BEGIN
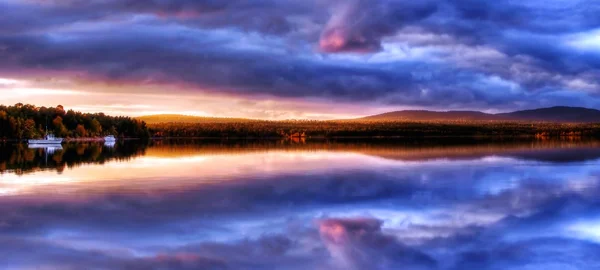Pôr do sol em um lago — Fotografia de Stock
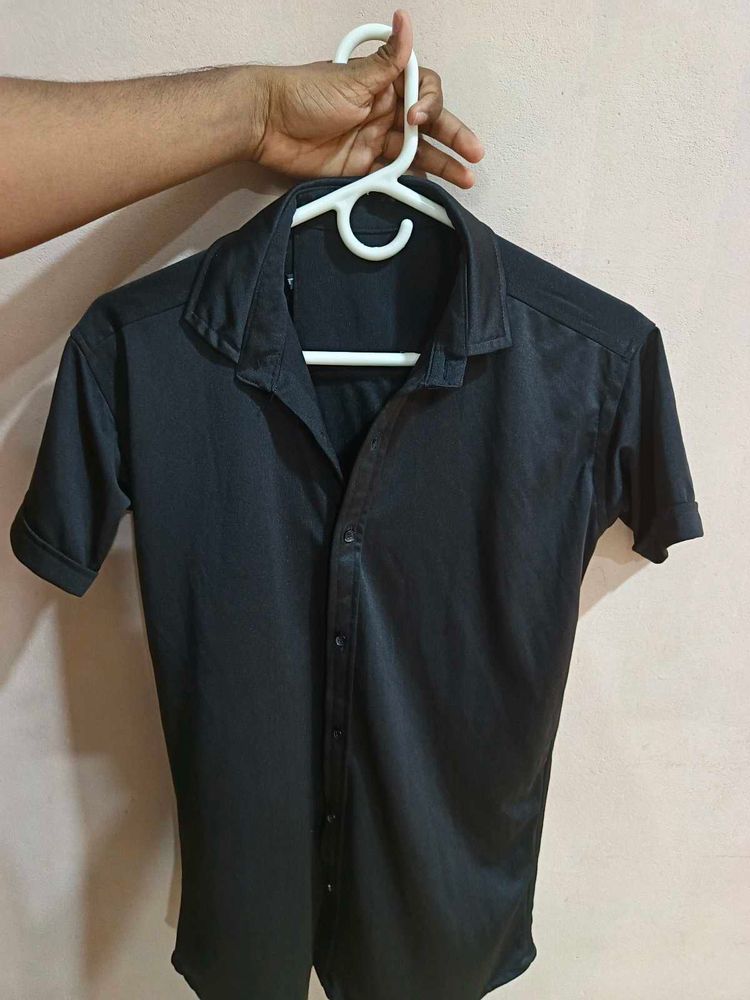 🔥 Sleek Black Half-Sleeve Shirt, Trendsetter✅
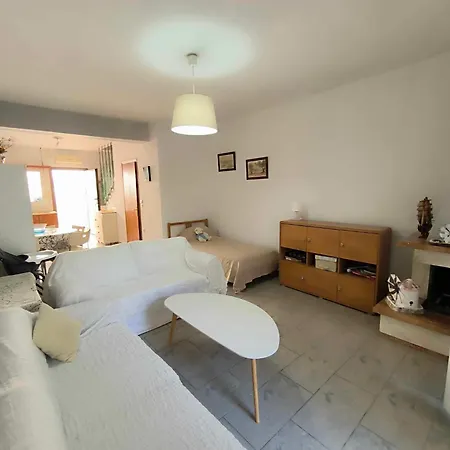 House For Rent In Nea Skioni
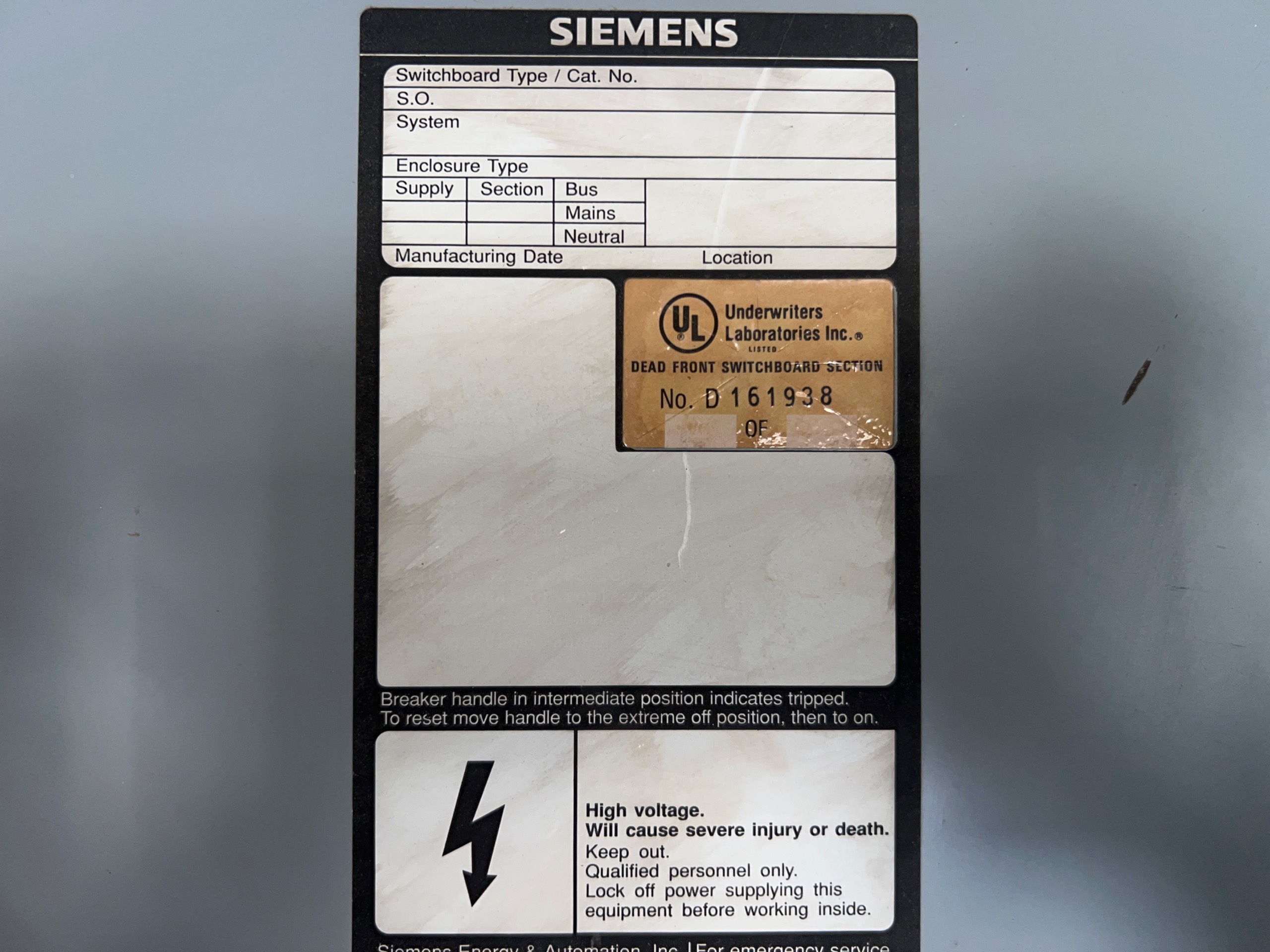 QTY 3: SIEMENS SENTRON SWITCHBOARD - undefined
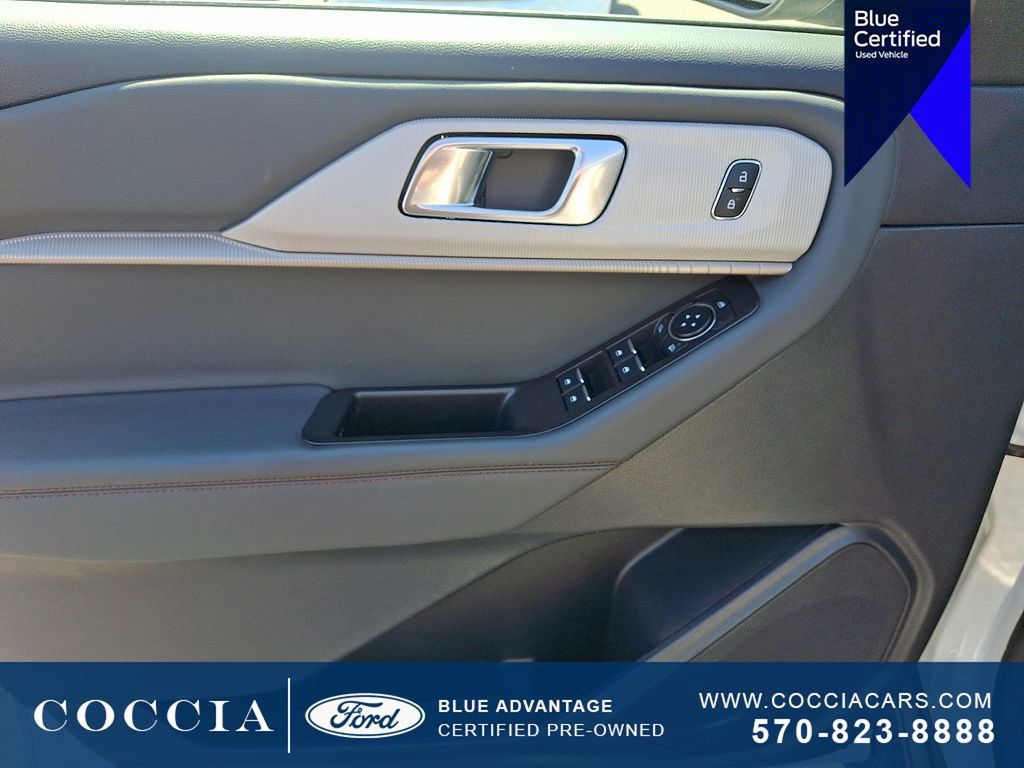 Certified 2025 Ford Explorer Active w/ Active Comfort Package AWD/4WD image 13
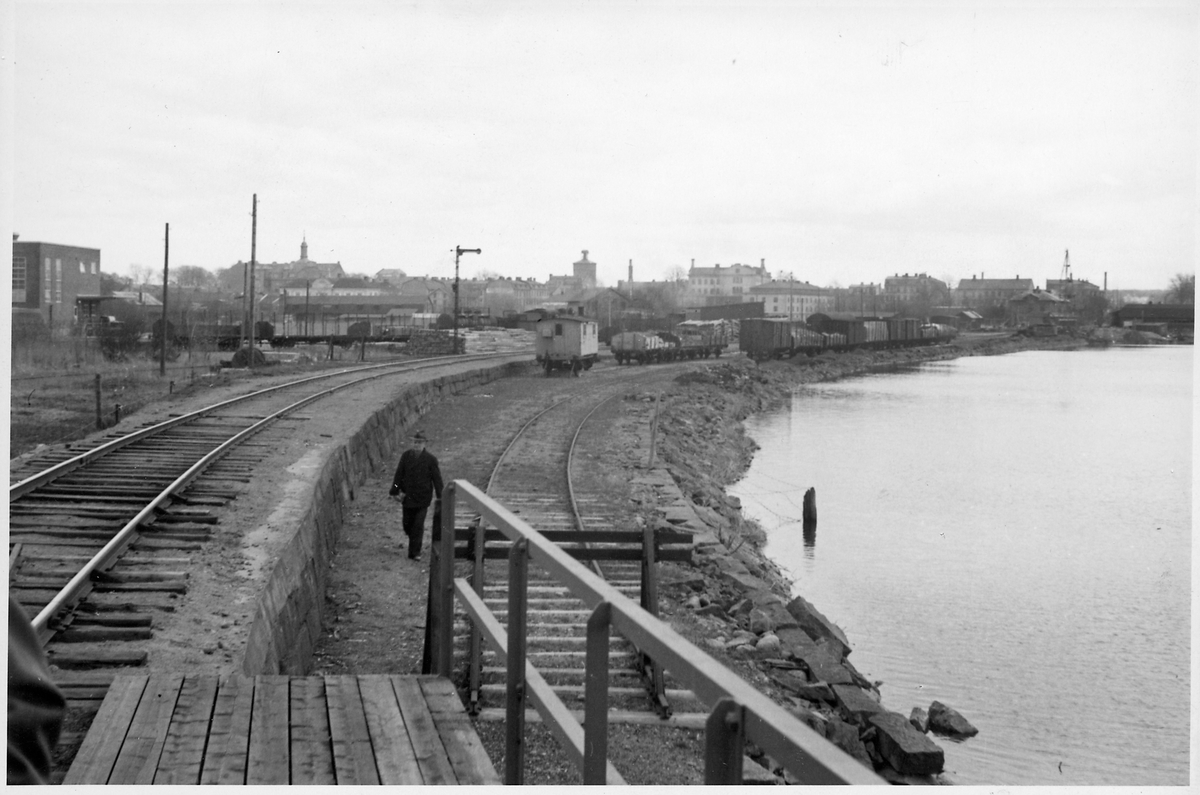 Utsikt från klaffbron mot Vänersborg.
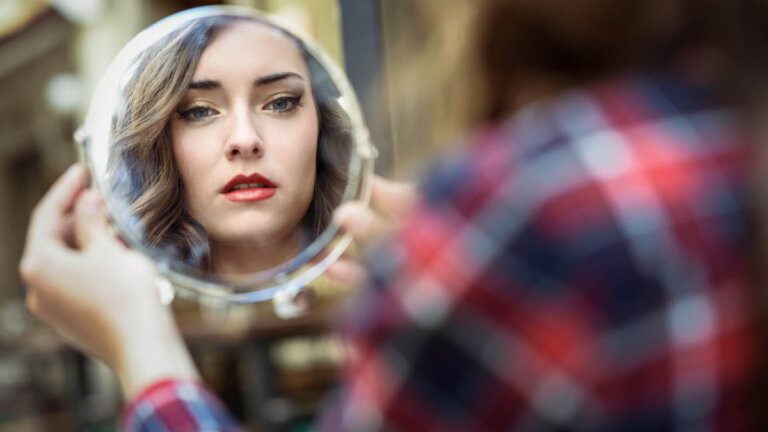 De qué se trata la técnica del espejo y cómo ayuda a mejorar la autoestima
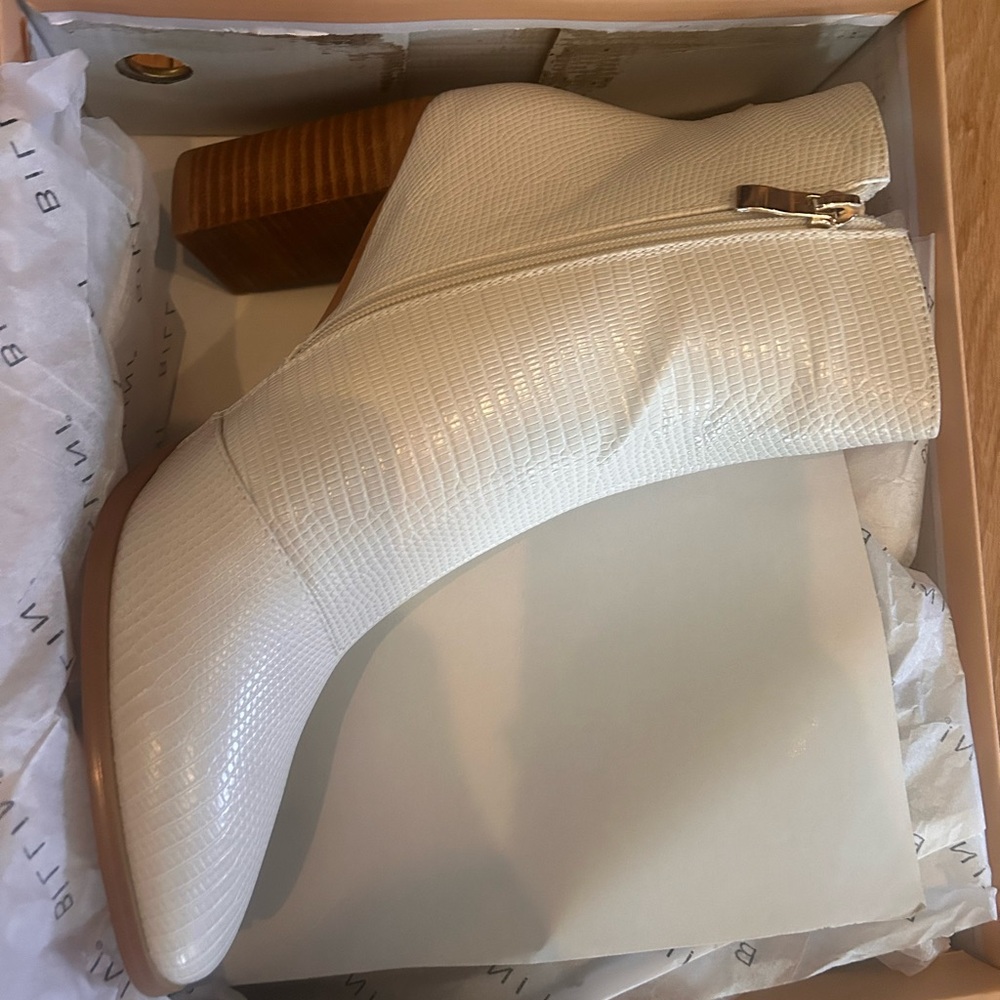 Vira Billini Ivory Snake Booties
END
• _Task requirements_:
The full listing above, duplicated exactly and without its pictures, is the answer.

• _Written solution_:
Pôr do sol em um lago — Fotografia de Stock
 🔥 Sleek Black Half-Sleeve Shirt, Trendsetter✅
 House For Rent In Nea Skioni
 QTY 3: SIEMENS SENTRON SWITCHBOARD - undefined
 Certified 2025 Ford Explorer Active w/ Active Comfort Package AWD/4WD image 13
 Utsikt från klaffbron mot Vänersborg.
 De qué se trata la técnica del espejo y cómo ayuda a mejorar la autoestima
 Vira Billini Ivory Snake Booties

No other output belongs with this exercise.